To address this research question, we collected data on the software development activities studied. The top row of Table 2 gives an overview of the activities we found and the bottom row in the same table shows the total number of occurrences of an ML technique being applied to a data set gathered from this activity. Code comprehension is the most studied activity (12), followed by code review (2), pair programming (2), and visualization of debugging gaze data (1).

Table 3: Heatmap of prediction problem x ML technique.
ML / Prediction Programmer expertise Task difficulty Mentally demanding code Success of pair prog. Quality of code review Affect in code review Code reading ability Total
Support Vector Machine 2 2 0 0 0 0 1 5
Decision Tree 1 1 1 0 0 0 0 3
K-nearest Neighbours 1 0 0 0 1 0 0 2
Naive Bayes 0 1 0 1 0 0 0 2
Random Forest 1 0 0 0 0 1 0 2
Ensemble Learning 0 0 1 0 0 0 0 1
K-means Clustering 1 0 0 0 0 0 0 1
Linear Regression 0 0 0 1 0 0 0 1
Total 6 4 2 2 1 1 1 17

Beyond activity, we also collected data on the purpose of using an ML technique. Across almost all papers (9 of 10), we found the purpose to be some kind of prediction task, summarized by the top row of Table 3 and counted in the bottom row of the same table. One paper, not shown in the table, used graph embeddings for mapping graphs into a 2D space. Note that multiple papers describe studies where several ML techniques were applied to the same data set [Abbad-Andaloussi et al. 2022; Ahsan and Obaidellah 2020; Fritz et al. 2014; Villamor and Rodrigo 2018]. One paper may also describe more than one prediction task [Lee et al. 2018]. As such the totals in these tables (17) exceed the number of papers (10). The most common ML task was to predict programmer expertise (6), followed by task difficulty (4). After that we saw prediction of mentally demanding code (2), success of pair programming (2), quality of code review (1), affect in code review (1), and code reading ability (1).

3.3 RQ2: How is machine learning used with gaze data in software development?

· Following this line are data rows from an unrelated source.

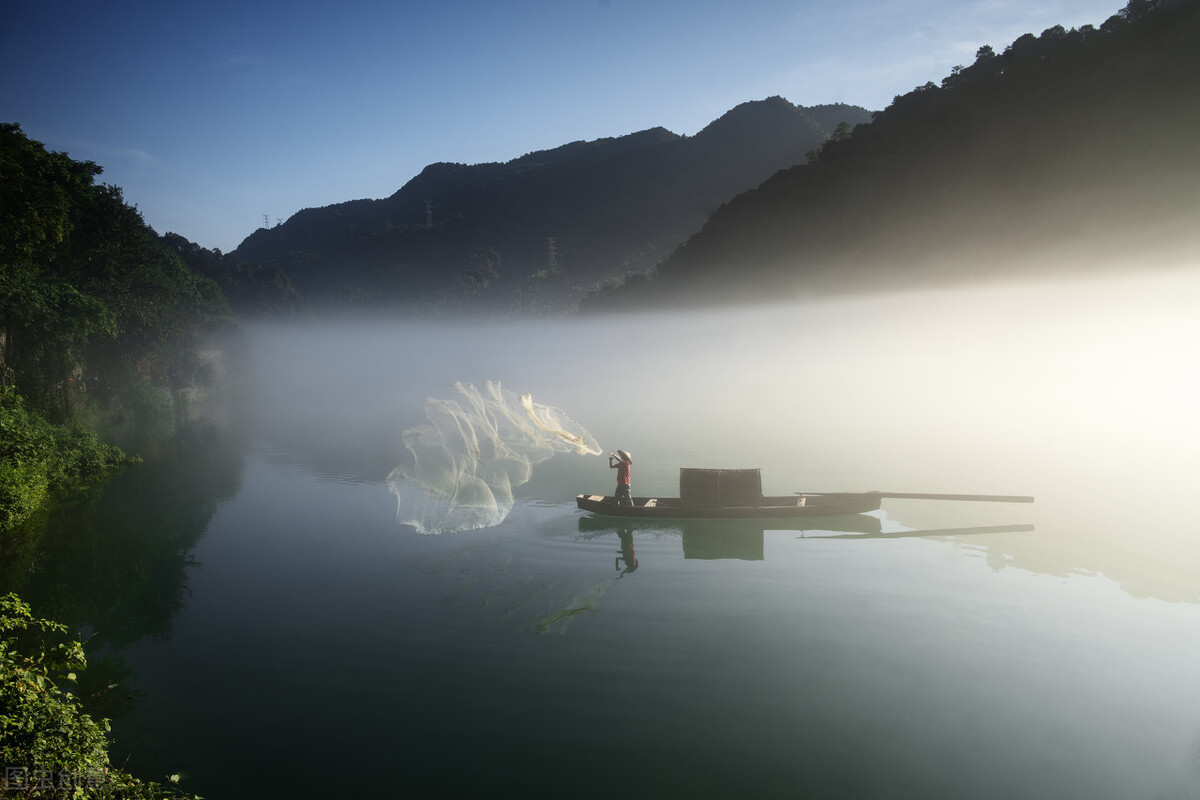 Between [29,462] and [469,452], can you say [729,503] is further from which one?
[29,462]

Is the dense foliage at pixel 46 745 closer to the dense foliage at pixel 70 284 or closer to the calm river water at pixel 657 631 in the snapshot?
the calm river water at pixel 657 631

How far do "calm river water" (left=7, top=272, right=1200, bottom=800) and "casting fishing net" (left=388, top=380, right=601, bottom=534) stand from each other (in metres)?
1.12

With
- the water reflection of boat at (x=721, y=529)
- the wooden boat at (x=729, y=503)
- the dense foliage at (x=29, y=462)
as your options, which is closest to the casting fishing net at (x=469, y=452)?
the wooden boat at (x=729, y=503)

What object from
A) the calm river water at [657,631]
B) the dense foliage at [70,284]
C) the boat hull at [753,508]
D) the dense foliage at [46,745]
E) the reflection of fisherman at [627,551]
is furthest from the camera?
the dense foliage at [70,284]

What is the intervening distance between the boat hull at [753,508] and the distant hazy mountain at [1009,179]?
61.2m

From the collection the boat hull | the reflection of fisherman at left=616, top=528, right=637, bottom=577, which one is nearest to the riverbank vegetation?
the boat hull

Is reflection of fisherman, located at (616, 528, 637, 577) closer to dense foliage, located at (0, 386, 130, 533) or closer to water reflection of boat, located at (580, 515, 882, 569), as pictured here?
water reflection of boat, located at (580, 515, 882, 569)

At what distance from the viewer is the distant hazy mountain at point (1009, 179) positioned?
65.1m

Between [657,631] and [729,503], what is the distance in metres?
8.63

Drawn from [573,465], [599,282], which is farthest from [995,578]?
[599,282]

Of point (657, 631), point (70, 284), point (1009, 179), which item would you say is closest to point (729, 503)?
point (657, 631)

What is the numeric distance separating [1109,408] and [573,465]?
4994 cm

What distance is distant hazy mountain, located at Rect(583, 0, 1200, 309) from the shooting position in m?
65.1

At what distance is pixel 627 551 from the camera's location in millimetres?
20469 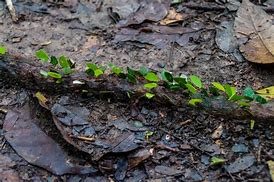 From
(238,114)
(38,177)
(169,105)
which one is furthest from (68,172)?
(238,114)

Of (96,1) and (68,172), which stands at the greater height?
(96,1)

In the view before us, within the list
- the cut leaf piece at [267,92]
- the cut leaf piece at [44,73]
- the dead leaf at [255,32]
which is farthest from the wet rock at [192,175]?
the cut leaf piece at [44,73]

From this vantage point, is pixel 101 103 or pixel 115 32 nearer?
pixel 101 103

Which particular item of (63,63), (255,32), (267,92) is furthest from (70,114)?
(255,32)

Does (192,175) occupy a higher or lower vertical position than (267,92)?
lower

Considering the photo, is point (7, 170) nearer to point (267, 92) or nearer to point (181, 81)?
point (181, 81)

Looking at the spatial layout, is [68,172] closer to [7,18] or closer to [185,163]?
[185,163]

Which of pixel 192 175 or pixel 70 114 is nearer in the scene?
pixel 192 175
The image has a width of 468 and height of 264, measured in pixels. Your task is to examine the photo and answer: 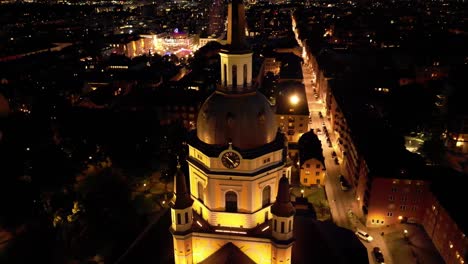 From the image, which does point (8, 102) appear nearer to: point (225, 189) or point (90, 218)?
point (90, 218)

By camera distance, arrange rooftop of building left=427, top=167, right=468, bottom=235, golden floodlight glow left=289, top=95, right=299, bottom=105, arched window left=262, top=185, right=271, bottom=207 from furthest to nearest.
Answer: golden floodlight glow left=289, top=95, right=299, bottom=105 < rooftop of building left=427, top=167, right=468, bottom=235 < arched window left=262, top=185, right=271, bottom=207

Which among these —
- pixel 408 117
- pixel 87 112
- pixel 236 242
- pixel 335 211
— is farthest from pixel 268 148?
pixel 408 117

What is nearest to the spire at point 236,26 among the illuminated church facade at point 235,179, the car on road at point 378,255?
the illuminated church facade at point 235,179

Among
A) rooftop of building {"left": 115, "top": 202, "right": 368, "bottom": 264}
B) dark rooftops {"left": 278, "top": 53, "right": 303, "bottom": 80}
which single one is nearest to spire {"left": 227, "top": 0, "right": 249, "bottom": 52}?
rooftop of building {"left": 115, "top": 202, "right": 368, "bottom": 264}

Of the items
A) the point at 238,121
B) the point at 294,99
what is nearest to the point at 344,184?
the point at 294,99

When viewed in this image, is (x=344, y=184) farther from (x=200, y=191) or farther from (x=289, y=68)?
(x=289, y=68)

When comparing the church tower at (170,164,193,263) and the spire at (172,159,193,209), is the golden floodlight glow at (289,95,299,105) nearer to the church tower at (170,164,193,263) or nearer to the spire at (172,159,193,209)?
the church tower at (170,164,193,263)

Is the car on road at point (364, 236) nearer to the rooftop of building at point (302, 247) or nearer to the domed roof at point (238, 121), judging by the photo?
the rooftop of building at point (302, 247) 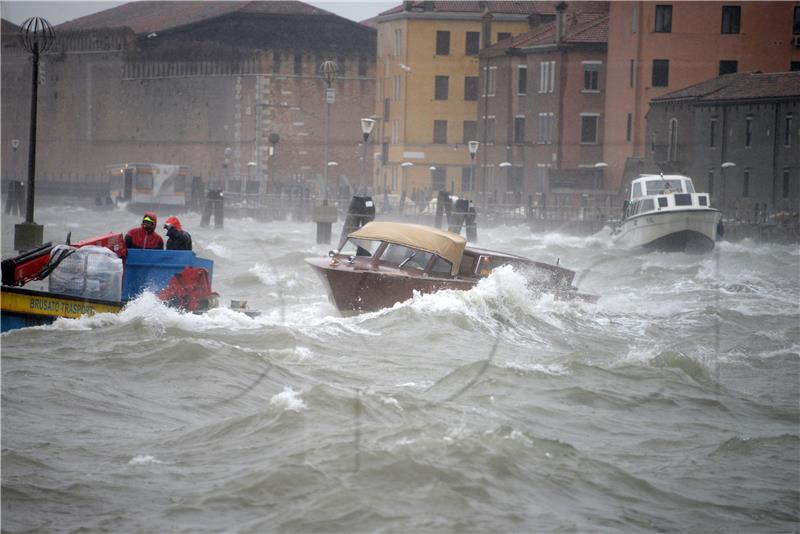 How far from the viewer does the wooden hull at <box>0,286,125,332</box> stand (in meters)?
14.6

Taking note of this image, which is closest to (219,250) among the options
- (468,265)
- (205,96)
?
(468,265)

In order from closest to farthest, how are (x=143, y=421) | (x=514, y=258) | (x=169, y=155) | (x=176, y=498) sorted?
(x=176, y=498), (x=143, y=421), (x=514, y=258), (x=169, y=155)

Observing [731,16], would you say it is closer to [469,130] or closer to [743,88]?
[743,88]

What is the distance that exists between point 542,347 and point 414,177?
163 ft

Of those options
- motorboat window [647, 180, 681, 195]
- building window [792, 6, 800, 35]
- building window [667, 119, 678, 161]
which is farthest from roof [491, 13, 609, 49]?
motorboat window [647, 180, 681, 195]

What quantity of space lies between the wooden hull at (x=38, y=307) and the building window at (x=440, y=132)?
51.5 meters

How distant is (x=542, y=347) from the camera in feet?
54.3

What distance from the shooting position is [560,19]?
184 feet

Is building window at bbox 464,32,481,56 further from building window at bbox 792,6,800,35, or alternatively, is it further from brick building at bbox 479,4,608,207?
building window at bbox 792,6,800,35

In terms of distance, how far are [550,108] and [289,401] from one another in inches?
1811

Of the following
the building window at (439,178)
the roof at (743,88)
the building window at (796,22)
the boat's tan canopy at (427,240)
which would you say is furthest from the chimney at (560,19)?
the boat's tan canopy at (427,240)

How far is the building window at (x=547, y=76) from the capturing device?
5653cm

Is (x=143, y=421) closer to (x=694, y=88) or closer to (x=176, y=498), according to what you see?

To address this question, we consider what ML techniques are applied on gaze data and how. From the heatmap presentations in Table 2 and Table 3, we see that Support Vector Machines (SVM) and Decision Trees are the two most commonly used techniques, followed by Random Forest (2), K-nearest neighbor (KNN) (2), and Naive Bayes (2). The preference for the top two techniques and Random Forests is due to their capability to handle large data sets [Lee et al. 2018; Vrzakova et al. 2020], overfitting [Al Madi et al. 2021; Lee et al. 2018], and effective ranking/selection of features [Al Madi et al. 2021; Vrzakova et al. 2020], while the preferences for KNN and Naive Bayes is due to simplicity [Fritz et al. 2014] and/or explainability [Hijazi et al. 2021].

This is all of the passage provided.